## Your goal
Whatever lies between the line with "Portafoglio Armani Exchange" and the end of the data, both included, must be copied exactly and without pictures.

## Material provided
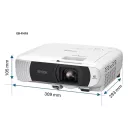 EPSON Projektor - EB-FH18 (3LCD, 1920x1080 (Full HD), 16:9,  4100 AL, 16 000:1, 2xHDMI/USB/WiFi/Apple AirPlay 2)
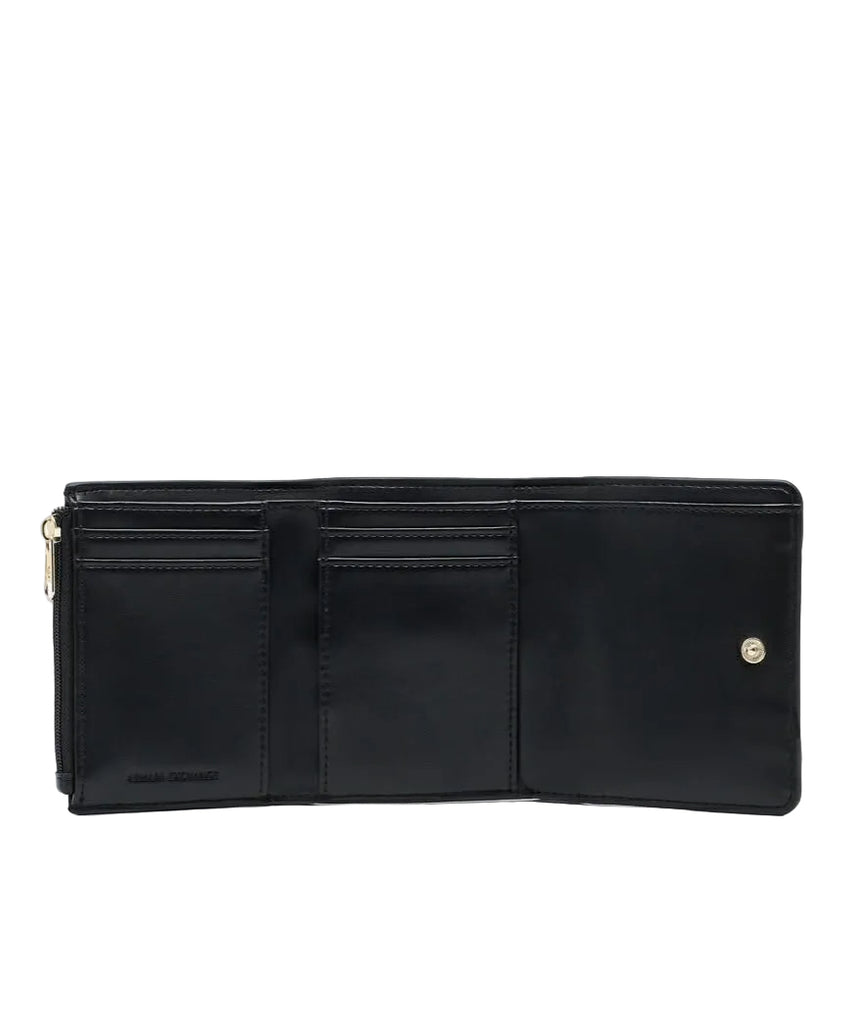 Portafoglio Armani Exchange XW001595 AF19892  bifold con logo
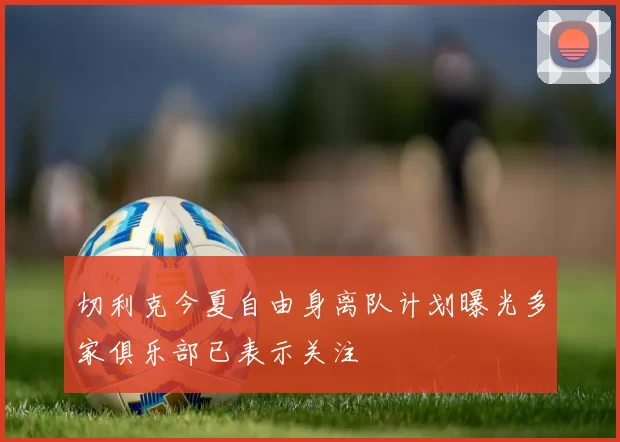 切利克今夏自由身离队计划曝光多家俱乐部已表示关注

## Problem solution
 Portafoglio Armani Exchange XW001595 AF19892  bifold con logo
 切利克今夏自由身离队计划曝光多家俱乐部已表示关注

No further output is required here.